Share your dilemmas and get honest opinions from other Mumsnetters.

15 year old home alone for 2 nights

107 replies

Sunny4876 · 05/07/2021 15:10

Going on an adults only trip in September . The plan was Dds 15 and 9 would stay with their nan,my sister and brother in law mentioned their almost 16 year old Ds would probably be left home alone for first time and was I letting Dd,I really hadn't given it a thought.
I said I'd be happy for them to stay together as they are both very responsible and mature.
I mentioned this to Dd and she instantly said that she'd rather stay home alone.
I'm in a spin about it but I suffer from anxiety so can't be logical.
Nan lives 5 minutes walk away,lovely quiet street.
Wibu to let her stay alone?wwyd?

OP posts:
claralara42 · 05/07/2021 22:04

They are 15 yrs old. Not equipped to deal with extreme situations. Matters of risk are determined by parents. As a parent , i assessed all risks to my children , based on my surroundings, local crime reports and probability, including home invasion burglaries where, children aged 15 , were homealone and physically attacked, in order to steal rare puppies. I chose not leave my 15 yr old children alone and as such they have been protectedfrom risk

But they have NOT been protected from risk, that's the point. You, like most people, are extremely bad at risk assessing. Would you let that same 15 year old sleep over at a friends house? Because they are far more at risk there than they are alone at home. If you would let them do that, you've put them at risk, not saved them from it.

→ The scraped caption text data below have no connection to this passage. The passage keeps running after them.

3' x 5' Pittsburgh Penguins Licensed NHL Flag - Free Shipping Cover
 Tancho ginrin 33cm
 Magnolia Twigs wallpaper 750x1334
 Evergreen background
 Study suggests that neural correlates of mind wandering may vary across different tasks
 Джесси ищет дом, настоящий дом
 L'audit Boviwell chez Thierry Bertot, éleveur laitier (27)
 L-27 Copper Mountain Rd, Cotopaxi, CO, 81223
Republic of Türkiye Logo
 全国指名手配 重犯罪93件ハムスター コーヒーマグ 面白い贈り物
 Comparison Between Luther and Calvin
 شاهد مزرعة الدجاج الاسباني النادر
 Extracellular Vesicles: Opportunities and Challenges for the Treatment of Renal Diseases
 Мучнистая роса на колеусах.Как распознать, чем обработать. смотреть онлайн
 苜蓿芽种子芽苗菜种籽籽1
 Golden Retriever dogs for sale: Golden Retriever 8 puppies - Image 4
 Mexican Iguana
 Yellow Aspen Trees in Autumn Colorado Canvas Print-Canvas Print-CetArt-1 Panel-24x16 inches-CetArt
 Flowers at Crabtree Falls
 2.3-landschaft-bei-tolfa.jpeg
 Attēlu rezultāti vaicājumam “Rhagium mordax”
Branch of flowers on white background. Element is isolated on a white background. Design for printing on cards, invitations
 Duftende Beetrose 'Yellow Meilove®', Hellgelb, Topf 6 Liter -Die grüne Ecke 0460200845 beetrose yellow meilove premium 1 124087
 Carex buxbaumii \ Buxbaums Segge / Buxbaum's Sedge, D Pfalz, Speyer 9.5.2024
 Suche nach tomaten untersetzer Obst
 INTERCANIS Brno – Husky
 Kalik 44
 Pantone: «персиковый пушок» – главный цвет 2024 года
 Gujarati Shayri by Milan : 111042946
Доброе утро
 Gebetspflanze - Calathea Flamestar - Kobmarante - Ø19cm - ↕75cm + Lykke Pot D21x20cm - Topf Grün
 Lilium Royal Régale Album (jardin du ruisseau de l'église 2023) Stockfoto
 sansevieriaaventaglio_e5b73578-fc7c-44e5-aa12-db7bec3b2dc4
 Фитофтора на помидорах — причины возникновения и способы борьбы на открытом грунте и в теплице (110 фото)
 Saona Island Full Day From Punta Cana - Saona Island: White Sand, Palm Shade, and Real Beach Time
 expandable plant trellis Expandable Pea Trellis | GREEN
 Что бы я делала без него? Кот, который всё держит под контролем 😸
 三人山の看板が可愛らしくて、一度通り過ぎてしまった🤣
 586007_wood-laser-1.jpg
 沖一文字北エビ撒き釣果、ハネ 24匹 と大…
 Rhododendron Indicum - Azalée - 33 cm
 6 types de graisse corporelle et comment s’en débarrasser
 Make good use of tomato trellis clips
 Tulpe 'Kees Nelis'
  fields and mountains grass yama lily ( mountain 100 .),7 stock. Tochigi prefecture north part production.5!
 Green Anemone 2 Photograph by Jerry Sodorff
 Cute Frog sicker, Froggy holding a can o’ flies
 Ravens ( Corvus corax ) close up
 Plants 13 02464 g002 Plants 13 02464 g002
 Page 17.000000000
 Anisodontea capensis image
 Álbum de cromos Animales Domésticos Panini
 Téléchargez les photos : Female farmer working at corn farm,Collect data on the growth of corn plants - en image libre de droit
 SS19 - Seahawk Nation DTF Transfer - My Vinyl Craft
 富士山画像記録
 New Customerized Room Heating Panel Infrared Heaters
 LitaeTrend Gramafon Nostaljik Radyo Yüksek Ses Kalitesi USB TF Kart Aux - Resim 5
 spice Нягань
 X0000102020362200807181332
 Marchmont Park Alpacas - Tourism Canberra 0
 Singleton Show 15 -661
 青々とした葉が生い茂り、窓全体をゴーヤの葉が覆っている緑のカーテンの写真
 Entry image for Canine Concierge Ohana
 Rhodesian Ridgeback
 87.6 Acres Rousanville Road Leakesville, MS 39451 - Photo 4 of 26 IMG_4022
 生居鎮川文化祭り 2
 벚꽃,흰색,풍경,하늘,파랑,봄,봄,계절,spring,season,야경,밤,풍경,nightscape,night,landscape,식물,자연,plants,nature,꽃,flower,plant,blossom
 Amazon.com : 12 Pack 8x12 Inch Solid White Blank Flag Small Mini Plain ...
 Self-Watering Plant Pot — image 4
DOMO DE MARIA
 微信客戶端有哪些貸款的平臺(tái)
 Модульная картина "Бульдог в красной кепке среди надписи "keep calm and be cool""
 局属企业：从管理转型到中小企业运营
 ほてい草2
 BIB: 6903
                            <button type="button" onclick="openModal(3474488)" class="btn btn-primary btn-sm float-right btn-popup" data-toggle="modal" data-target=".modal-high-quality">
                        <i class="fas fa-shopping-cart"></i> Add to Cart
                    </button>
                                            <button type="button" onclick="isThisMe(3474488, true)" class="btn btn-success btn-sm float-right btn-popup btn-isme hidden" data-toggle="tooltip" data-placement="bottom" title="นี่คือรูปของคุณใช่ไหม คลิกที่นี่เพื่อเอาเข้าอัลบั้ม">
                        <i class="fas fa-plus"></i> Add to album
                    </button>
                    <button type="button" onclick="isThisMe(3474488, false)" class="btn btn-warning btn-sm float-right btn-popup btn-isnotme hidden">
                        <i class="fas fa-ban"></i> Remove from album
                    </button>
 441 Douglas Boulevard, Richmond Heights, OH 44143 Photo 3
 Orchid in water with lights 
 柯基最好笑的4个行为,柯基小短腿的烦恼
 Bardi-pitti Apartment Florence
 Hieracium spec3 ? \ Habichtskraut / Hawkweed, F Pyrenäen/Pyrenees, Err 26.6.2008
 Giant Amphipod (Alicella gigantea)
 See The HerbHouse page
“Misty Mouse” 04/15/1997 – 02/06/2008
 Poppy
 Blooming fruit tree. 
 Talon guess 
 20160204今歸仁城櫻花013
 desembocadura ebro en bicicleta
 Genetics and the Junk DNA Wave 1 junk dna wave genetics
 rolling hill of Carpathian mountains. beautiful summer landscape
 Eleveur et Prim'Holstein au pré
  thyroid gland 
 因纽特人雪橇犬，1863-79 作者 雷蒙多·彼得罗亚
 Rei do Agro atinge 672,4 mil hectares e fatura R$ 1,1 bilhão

Kanaloa · 05/07/2021 22:14

But if you assessed all risks based on crime reports and probability, then you would never be able to let your teen out to town/walk home from a friends house/get the bus to school.

Being exposed to responsibility and learning to deal with it is how teens become capable. If you don’t allow them responsibility and let them handle it then they won’t suddenly become capable at 16/17/18.

Kanaloa · 05/07/2021 22:15

Sorry that wasn’t clear, what I mean is that walking out in the streets or going into town shopping is much more dangerous than sitting in their own locked home.

Pedalpushers · 05/07/2021 22:21

I'm 33 and I feel no better equipped to deal with home invasion than I did when I was 15 Grin

Sunny4876 · 06/07/2021 14:18

Hi going away late afternoon Friday and home by 11am Sunday,so 1 full day,all options mentioned are available to her.
Going to discuss again tonight and find something we're both comfortable with.

OP posts:
AryaStarkWolf · 06/07/2021 16:48

@ArseInTheCoOpWindow

^ this.

Our house caught fire. How would a teen cope with that.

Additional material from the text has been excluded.